▸ Exercise objective
When you write out the listing, keep every character and omit the pictures.

▸ Data in this exercise
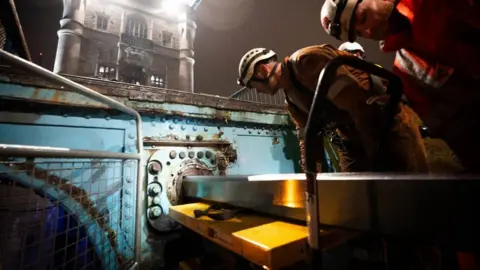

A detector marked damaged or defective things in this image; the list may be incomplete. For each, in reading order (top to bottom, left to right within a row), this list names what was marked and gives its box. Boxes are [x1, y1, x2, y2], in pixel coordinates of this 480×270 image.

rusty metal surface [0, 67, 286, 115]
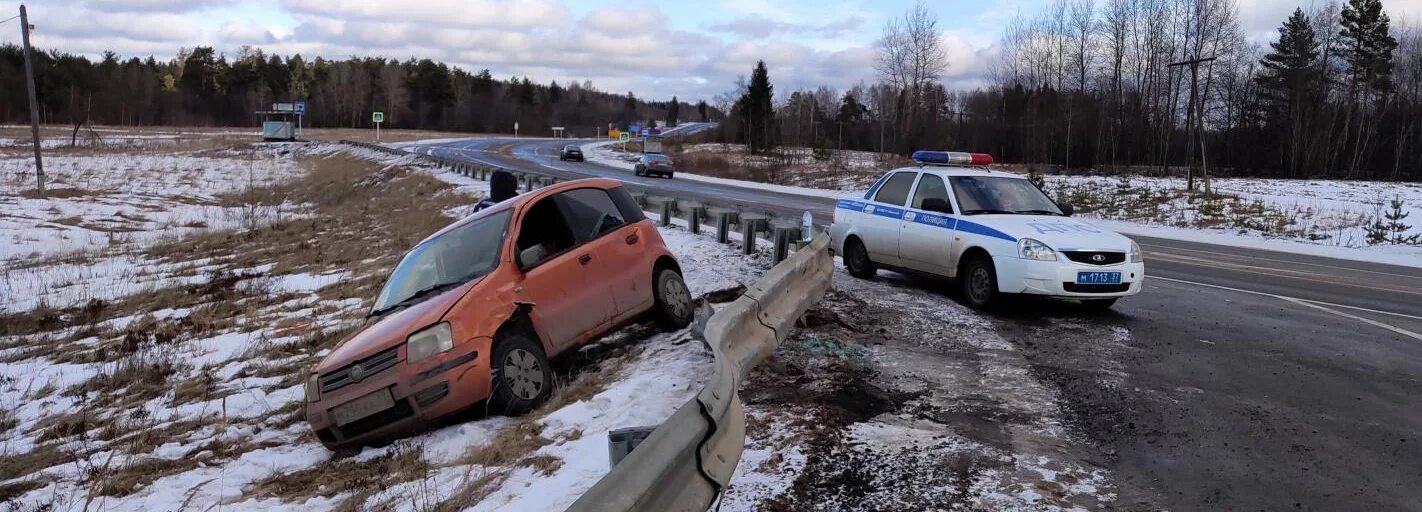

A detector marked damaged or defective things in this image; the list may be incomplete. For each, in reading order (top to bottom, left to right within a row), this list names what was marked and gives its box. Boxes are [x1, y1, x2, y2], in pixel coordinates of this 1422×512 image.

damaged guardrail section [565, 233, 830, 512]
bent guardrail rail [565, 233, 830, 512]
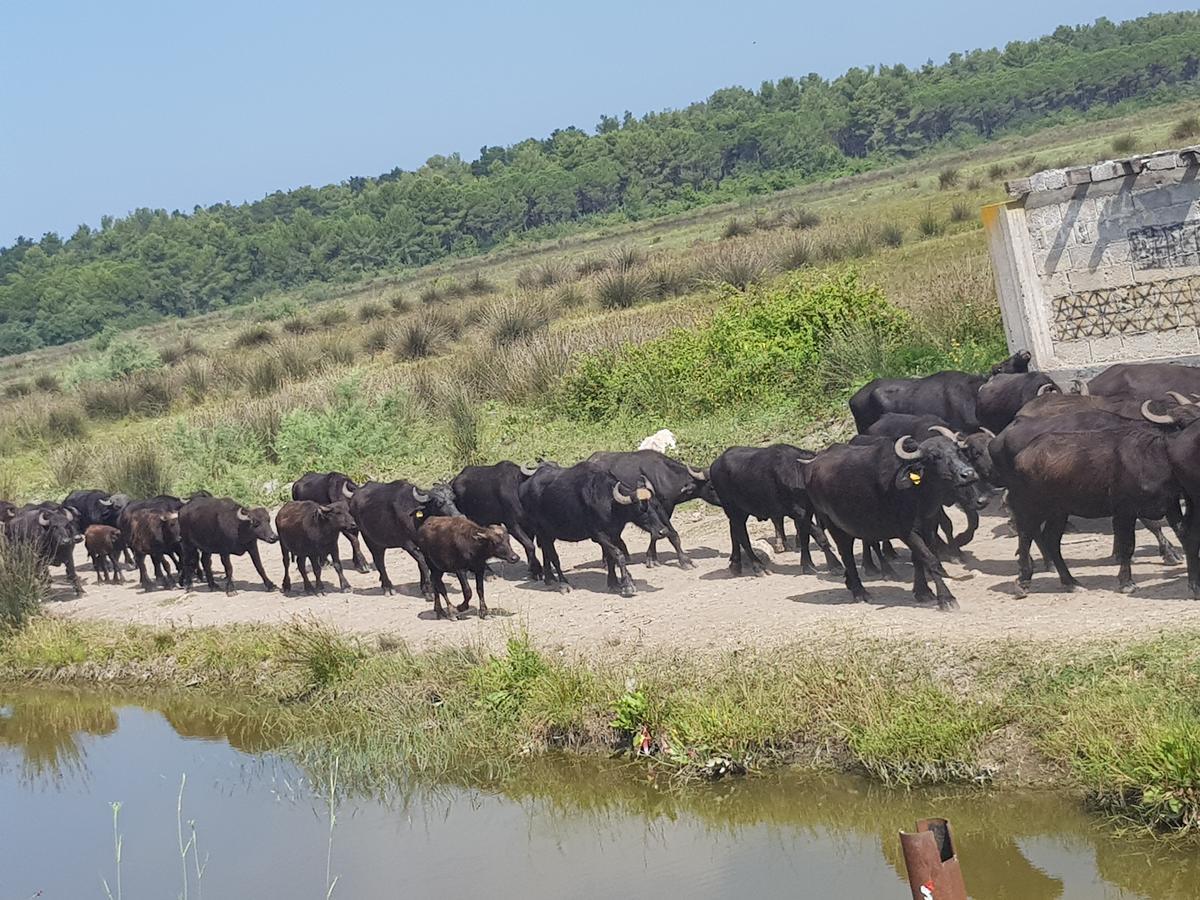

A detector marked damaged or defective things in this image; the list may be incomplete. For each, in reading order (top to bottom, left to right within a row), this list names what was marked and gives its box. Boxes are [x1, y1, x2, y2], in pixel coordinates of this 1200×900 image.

▸ Output for this exercise
A detector marked damaged or defective things in this image; the list may be incomplete. For each, in reading order (top to bottom, left to right within a row), this list names what was marked and gives its box. Boxes are [x1, y1, x2, y2], in pixel coordinates of this 480×270 image.

rusty metal surface [0, 67, 286, 115]

A detector marked damaged or defective things in this image; the list may be incomplete. For each, in reading order (top to bottom, left to right within a row), this list names what was marked and gives its box. Boxes are [x1, y1, x2, y2], in pixel coordinates of this 1422×512 image.

damaged guardrail section [565, 233, 830, 512]
bent guardrail rail [565, 233, 830, 512]

A detector marked damaged or defective things in this image; the list may be incomplete. For each, in reading order (top to bottom, left to right within a row), this list names what was marked and gives its box. Boxes are [x1, y1, x2, y2], in pixel coordinates of this 1200×900 image.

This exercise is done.